2006 Tasmanian Legislative Council periodic election

2 of the 15 seats in the Legislative Council 8 seats needed for a majority
|  | First party | Second party |
| Party | Independent | Labor |
| Seats before | 1 | 1 |
| Seats won | 1 | 1 |
| Seat change | Steady | Steady |

= 2006 Tasmanian Legislative Council periodic election =

Legislative election in Tasmania, Australia

Periodic elections for the Tasmanian Legislative Council were held on 6 May 2006. The two seats up for election were Rowallan, held by independent MLC Greg Hall, and Wellington, held by Labor MLC Doug Parkinson.

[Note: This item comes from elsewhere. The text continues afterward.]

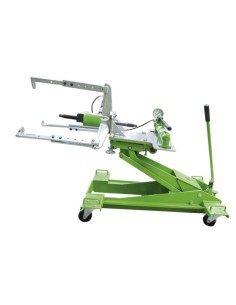 EXTRACTOR HIDRAULICO MOVIL DAVID (20 T)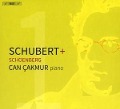 Schubert+vol.1: Schönberg - Can Cakmur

Rowallan was last contested in 2001, while Wellington was last contested in 2000.

==Rowallan==
Rowallan had been held since 2001 by independent MLC Greg Hall. His sole opponent was Karen Cassidy of the Tasmanian Greens.

=== Rowallan Results ===

Tasmanian Legislative Council periodic elections, 2006: Rowallan
| Party |  | Candidate | Votes | % | ±% |
|---|---|---|---|---|---|
|  | Independent | Greg Hall | 13,862 | 81.95 | +50.14 |
|  | Greens | Karen Cassidy | 3,053 | 18.05 | +18.05 |
| Total formal votes |  |  | 16,915 | 94.56 | +0.33 |
| Informal votes |  |  | 974 | 5.44 | −0.33 |
| Turnout |  |  | 17,889 | 83.16 | −5.60 |
|  | Independent hold |  | Swing | +28.09 |  |

==Wellington==
Labor MLC Doug Parkinson first entered the Legislative Council as the member for Hobart in 1994. He successfully transferred to Wellington in 2000. In the leadup to the election there was speculation that the Tasmanian Greens were close to winning the seat; their candidate was Marrette Corby. The other candidates all appeared on the ballot as independents. Michael Fracalossi was a member of the Christian Democratic Party. Marti Zucco was a Hobart City Council alderman. The other independents were Stephen Roomes and Paul Hiscutt.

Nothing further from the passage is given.